Tuesday, August 11, 2015

Be very afraid: another court refuses to find irreparable harm despite confusion

Williams v. Green Valley RV, Inc., 2015 WL 4694075, No. 8:15–CV–01010 (C.D. Cal. Aug. 6, 2015)
 
Basically, in the Ninth Circuit, you might not be able to get a preliminary injunction in a trademark case unless the defendant's quality is bad enough to generate complaints to you.
 
Williams does business as RVMAX, selling used recreational vehicles (RVs) in Loomis, California. In 2008, Williams registered RVMAX as a service mark for his business.  Defendants do business as RV MAX in Colton, California, selling RVs.  (465.5 miles apart, according to Google—one is relatively close to San Francisco and the other to Los Angeles.)  Williams sued for service mark infringement and false advertising under state and federal law, along with cybersquatting.
 
Irreparable harm is required for a preliminary injunction; evidence of such harm could come from  “[e]vidence of loss of control over business reputation and damage to goodwill.” Herb Reed Enters., LLC v. Fla. Entm’t Mgmt., Inc., 735 F.3d 1239, 1250 (9th Cir. 2013).

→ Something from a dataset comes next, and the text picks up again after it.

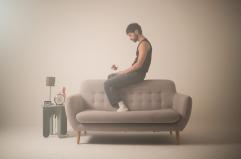 Con Scianni &laquo;Il dolore si canta&raquo; per restare in piedi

But evidence that “simply underscores customer confusion” is not enough; to accept that would simply collapse likely success with irreparable harm. A moving party cannot merely produce evidence of “unsupported and conclusory statements regarding harm [plaintiff] might suffer.”
 
Williams, unsurprisingly, presented evidence of consumer confusion such as “calls from customers, vendors, and debtors seeking to reach Defendants’ dealerships.”  He argued that this confusion inherently risked harm to his goodwill.  No (fuzzy) dice.  “Plaintiff’s evidence of irreparable harm is nothing more than a regurgitation of consumer confusion evidence, which is the exact type of evidence explicitly rejected by the Ninth Circuit in Herb Reed.”  The claim that his goodwill could be harmed by a bad experience with defendants was “pure speculation.”  His confusion evidence was “highly relevant” to likely success on the merits, but “wholly insufficient” for irreparable harm.
 
Although the issue on likely success was “quite simple” here, the court could not reach the merits because Williams failed to show irreparable harm.